If all this seems like I'm sold on doing a commercial for this magazine, let me add that I recently penned a letter to them critical of an article by Keith Veness defending Ken Livingstone, in contrast to some of those he once associated with. It was too late to make the July issue, but I'm hoping the editors will consider it for inclusion in their promised Summer special edition. If not I'll probably share it with you in this blog. 'Train-spotters' if no-one else might be interested to know that Keith and I were both at one time members of the Young Socialists, supporting the paper Keep Left which Labour banned, and the Socialist Labour League. We went our separate ways, he before long joining the Labour Party, from which I'd been expelled in 1964 and never felt the need to rejoin.

Rather than argue where socialists should be, however, I think it is more important what kind of fight you wage where you are. Labour Briefing's enlivenment is linked in my mind with John McDonnell's Labour Representation Committee(LRC). Though the Hayes and Harlington MP was thwarted by MPs and union leaders in his bid to challenge Gordon Brown for the Labour leadership, he and his supporters have neither ridden off into the sunset nor buried themselves in Labour Party ward routine.

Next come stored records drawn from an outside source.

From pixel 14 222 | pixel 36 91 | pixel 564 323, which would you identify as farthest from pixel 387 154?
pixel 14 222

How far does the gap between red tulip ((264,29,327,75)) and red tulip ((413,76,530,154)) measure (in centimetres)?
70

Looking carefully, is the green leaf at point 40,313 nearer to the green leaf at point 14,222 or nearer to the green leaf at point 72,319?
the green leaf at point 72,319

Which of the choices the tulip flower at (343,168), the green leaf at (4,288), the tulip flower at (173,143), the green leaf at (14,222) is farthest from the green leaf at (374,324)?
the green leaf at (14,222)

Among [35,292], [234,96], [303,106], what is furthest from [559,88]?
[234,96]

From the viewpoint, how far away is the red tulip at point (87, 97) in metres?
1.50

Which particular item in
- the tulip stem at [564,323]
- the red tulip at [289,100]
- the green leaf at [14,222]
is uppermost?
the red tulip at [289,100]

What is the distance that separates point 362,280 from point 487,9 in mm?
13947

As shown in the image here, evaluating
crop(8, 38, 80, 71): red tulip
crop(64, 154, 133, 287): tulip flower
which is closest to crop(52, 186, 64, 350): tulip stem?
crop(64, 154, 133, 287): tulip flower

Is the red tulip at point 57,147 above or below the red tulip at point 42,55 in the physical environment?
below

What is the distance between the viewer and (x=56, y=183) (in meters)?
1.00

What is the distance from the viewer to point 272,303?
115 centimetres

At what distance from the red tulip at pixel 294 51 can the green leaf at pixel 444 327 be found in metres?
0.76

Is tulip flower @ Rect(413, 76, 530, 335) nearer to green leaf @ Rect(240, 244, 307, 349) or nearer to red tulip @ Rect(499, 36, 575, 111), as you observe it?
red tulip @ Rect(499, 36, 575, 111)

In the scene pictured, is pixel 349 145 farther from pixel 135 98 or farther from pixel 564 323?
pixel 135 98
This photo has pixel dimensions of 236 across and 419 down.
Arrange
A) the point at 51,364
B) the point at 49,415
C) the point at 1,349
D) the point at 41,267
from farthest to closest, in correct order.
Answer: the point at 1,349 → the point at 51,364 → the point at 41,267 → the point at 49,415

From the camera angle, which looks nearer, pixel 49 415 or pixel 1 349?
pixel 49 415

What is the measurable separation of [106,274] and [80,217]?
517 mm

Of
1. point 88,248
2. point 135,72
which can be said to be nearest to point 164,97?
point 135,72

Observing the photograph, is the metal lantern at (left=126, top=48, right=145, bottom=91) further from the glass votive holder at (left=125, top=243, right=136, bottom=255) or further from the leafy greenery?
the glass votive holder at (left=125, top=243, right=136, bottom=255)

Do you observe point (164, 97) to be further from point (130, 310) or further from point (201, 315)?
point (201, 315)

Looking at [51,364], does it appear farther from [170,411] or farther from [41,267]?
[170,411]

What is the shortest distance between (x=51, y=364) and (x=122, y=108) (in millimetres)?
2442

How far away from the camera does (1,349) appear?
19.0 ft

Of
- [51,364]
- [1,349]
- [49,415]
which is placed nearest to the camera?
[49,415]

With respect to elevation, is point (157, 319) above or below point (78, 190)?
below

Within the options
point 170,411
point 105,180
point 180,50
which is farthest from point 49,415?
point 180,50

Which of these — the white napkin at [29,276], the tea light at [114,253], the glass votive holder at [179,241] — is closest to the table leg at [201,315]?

I was interested to see the June Briefing report Councillor Susan Press' election as mayor of Hebden Royd in Yorkshire under the head "LRC gains mayor!" In the current issue Susan adds her voice to that of John Nicholson, former Labour deputy leader of Manchester City Council and convenor of the Socialist Alliance, in looking forward to the Convention of the Left, which is planned to steal the limelight from this year's official Labour Party conference in Manchester.

McDonnell himself is speaking next week at a Commons rally in support of the RMT cleaners' strike, fighting for a living wage for cleaners on the London Underground. Other speakers at the rally called by the LRC include Clara Osagiede, secretary for the RMT cleaning grades, Glenroy Watson of the RMT Finsbury Park branch, RMT president John leach, Andy Reed from ASLEF, and Matt Wrack, general secretary of the Fire Brigades Union. It's at 6pm, on Tueday, July 8, in Portcullis House, near Westminster tube. I reckon a show of strength in support of the underpaid cleaners, many of them immigrant workers, is mandatory for socialists of whatever tendency. Taking a stand for justice against both London's Tory mayor and Gordon Brown's New Labour government is also part of our international obligation.